SÃO PAULO, SP (FOLHAPRESS) – As restrições impostas pelo governo de Donald Trump ao ministro Alexandre Padilha (Saúde) para participar da Assembleia-Geral das Nações, em Nova York, são semelhantes às que atingem delegações de ao menos outros sete países, incluindo Irã, Rússia, Venezuela, Síria, Cuba, China e Coreia do Norte.
Como mostrou a Folha de S.Paulo, o ministro de Lula (PT) desistiu de viajar.
Um relatório elaborado por um comitê da ONU que supervisiona a relação entre os EUA e esses países reúne uma série de denúncias feitas pelas delegações, como discriminação, atrasos na emissão de vistos, restrições de circulação e problemas de logística.
É a primeira vez que o Brasil é afetado por uma restrição do tipo, que ocorre em meio a uma série de sanções impostas por Trump por causa do julgamento de Jair Bolsonaro (PL). Os EUA decidiram limitar a movimentação de Padilha e familiares que o acompanharem.
Segundo o relatório da ONU, datado de outubro de 2024, a delegação venezuelana relatou que, mesmo enviando pedidos com antecedência, os vistos só são liberados poucos dias antes do evento, o que gera custos adicionais de viagem e hospedagem.
“Os vistos eram aprovados e emitidos apenas em uma pequena janela de tempo antes do início das reuniões oficiais”, afirma o documento. Membros da missão do país latino-americano também têm restrições de locomoção no país.
A Rússia parece ser uma das delegações mais afetadas. O relatório cita que ao menos dois diplomatas de alto escalão tiveram seus vistos negados, e que mais de cem membros de sua missão e seus respectivos familiares aguardaram meses em alguns casos, dois anos pela renovação de vistos.
“Em média, o processo [de renovar o documento] levava mais de cinco meses, sendo que alguns casos demoravam mais de dois anos. Ele [representante russo] também disse que havia, no total, 118 pessoas aguardando a prorrogação dos vistos, impossibilitadas de viajar para a Federação Russa, inclusive por motivos humanitários, ou de convidar seus familiares para Nova York”, diz o texto.
A delegação russa também enfrenta limitações de circulação e não pode sair de um raio de cerca de 40 quilômetros da sede da ONU. Em fevereiro do ano passado, os EUA exigiram a saída de um funcionário alegando que ele “estaria supostamente envolvido em atividades incompatíveis” com o seu cargo.
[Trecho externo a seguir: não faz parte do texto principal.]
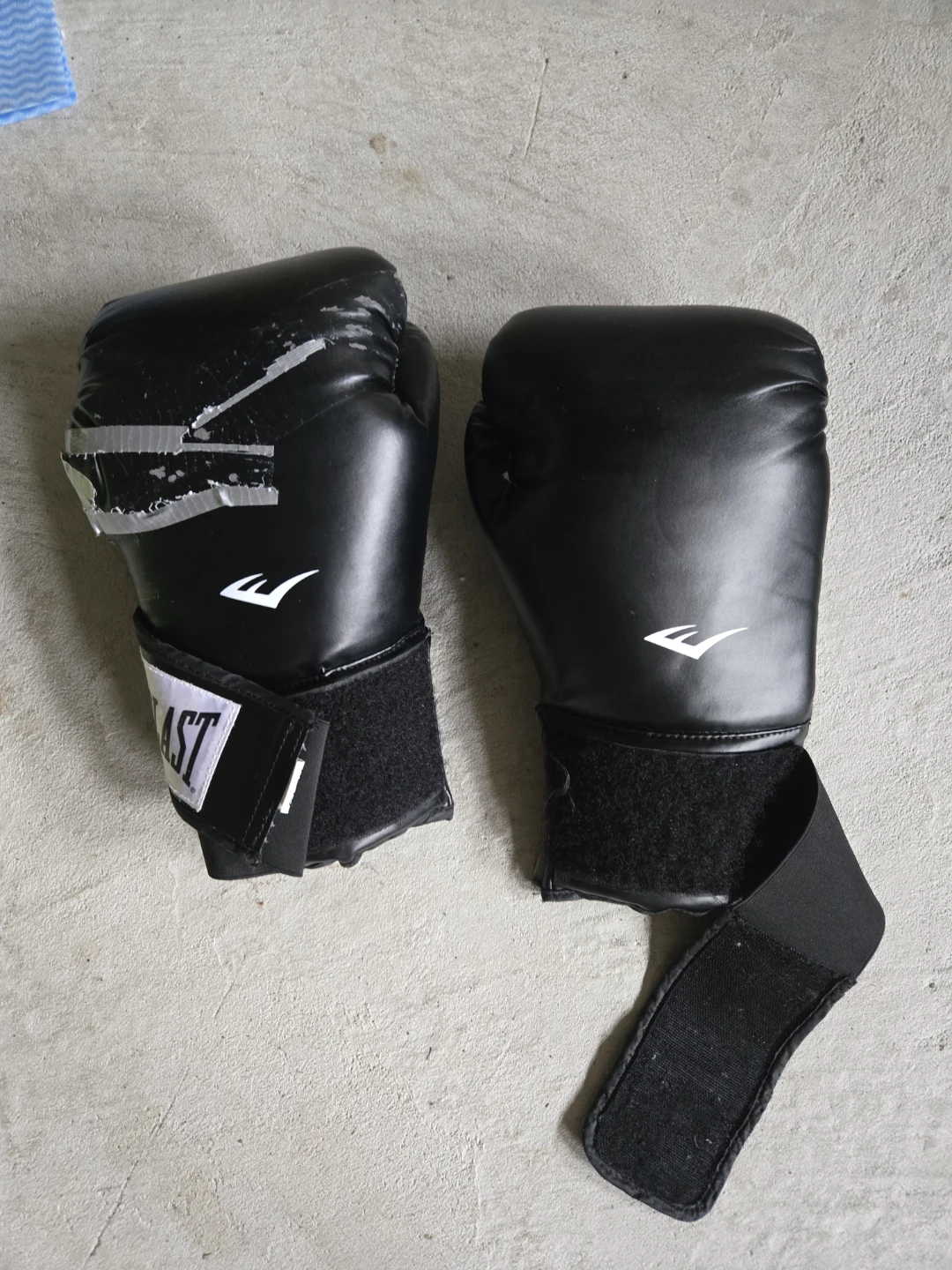 Everlast Boxing Gloves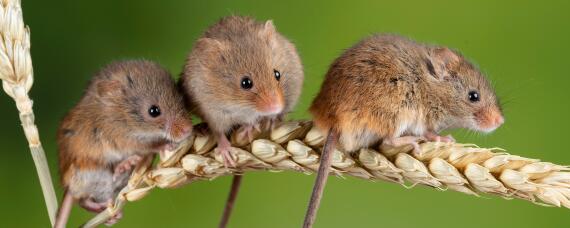 老鼠繁殖期是多少天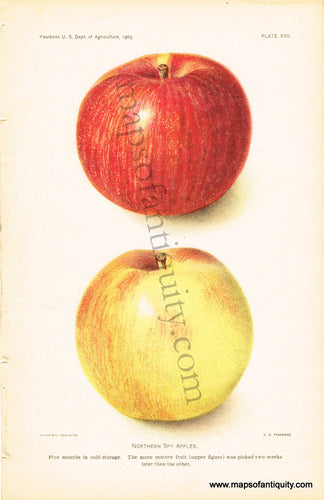 Antique-Chromolithograph-Print-Northern-Spy-Apples-Antique-Prints-Natural-History-Fruit-1903-D.G.-Passmore-Maps-Of-Antiquity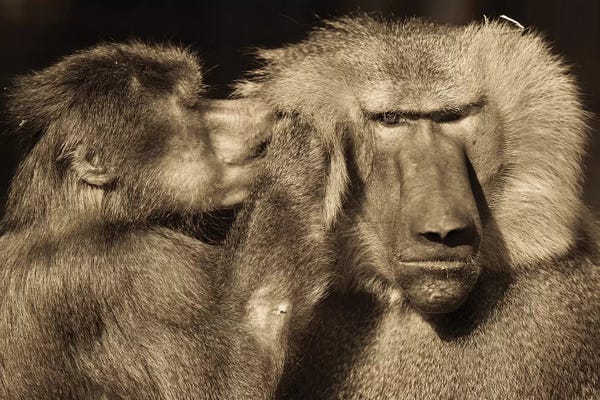 Monkeys: Talk by Goran Anastasovski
A decisão de entrada e permanência de estrangeiros nos Estados Unidos é prerrogativa exclusiva do governo americano. No caso das Nações Unidas, existe um acordo internacional que, em tese, obriga os EUA a autorizarem a permanência em Nova York de autoridades que participem de atividades na ONU.
Datado de 1947, o tratado estabelece que os EUA não podem impor restrições de trânsito no distrito da ONU para agentes e membros da organização, especialistas que estejam em missão na entidade e outras pessoas convidadas.
O dossiê da ONU aponta também que membros da delegação da Síria receberam vistos de entrada única de seis meses, apesar de seus mandatos durarem quatro anos. Assim como os russos, e agora Padilha e sua família, eles também têm restrições de deslocamento.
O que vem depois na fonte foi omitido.